Едва успевал он сделаться человеком, как уже носил оружие на защиту своего отечества или племени; принимал участие в управлении; учился на чужом примере и собственном опыте, как управлять людьми в народных собраниях силой убеждения и разума; присутствовал и помогал в жертвоприношениях богам. Все это время он находился в добрых, но свободных отношениях не только с родителями, со своими семейными, с равными себе сверстниками, но и со слугами, простыми крепостными, знавшими его с малых лет, проведенных в отцовском имении.

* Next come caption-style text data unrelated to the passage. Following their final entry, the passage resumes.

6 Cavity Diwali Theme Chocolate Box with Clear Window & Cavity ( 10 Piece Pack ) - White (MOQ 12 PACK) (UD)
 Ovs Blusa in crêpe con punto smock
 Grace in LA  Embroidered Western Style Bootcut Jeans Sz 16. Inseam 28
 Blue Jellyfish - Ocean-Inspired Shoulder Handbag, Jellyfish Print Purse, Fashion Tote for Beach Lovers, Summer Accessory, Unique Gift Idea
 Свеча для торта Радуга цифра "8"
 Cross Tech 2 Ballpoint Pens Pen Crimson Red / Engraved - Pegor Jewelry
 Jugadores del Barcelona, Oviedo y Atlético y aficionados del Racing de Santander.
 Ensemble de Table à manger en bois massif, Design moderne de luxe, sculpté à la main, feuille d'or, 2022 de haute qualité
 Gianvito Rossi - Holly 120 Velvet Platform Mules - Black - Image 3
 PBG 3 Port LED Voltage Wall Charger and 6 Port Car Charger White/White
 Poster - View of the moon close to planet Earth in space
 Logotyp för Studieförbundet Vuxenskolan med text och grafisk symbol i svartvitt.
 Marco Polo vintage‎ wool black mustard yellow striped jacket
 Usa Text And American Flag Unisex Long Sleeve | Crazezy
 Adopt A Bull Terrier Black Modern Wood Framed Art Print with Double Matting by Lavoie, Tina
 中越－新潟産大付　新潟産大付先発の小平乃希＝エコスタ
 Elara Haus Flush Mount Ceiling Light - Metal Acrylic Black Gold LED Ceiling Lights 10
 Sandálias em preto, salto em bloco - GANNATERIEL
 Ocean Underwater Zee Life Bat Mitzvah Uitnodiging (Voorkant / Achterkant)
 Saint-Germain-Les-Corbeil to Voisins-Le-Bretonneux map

Где он действительно шел по ложному направлению, так это в употреблении своей силы. Жизнь человеческая была очень дешева; так дешева, что даже очень тихий и скромный юноша мог увлечься какой-нибудь пустой ссорой в детской игре с товарищами и погубить ее. И так во всю последующую жизнь: как только что-нибудь возбуждало до самого дна его страсти, как бы просыпался дикий зверь, он на время переставал быть человеком, пока разум снова не приобретал над ним своей власти. Не говоря уже о таких вспышках страсти: хотя он ни за что на свете не украл бы чего-нибудь у своего друга или соседа, – но едва ли он отказался бы отнять у него что ему нравится, если это требовало особенной ловкости; что же касается личного его врага или врага его племени, то он просто отнимал что мог силой, а то и не стеснялся нанести ему смертельный удар. Однако он всегда был очень щедр к нуждающимся: путнику, бедняку или нищему, просящему у него пристанища и защиты. Точно так же как и в том случае, если бы он сам потерял все свое имущество, он мог смело рассчитывать на щедрую и простодушную помощь своих соседей”.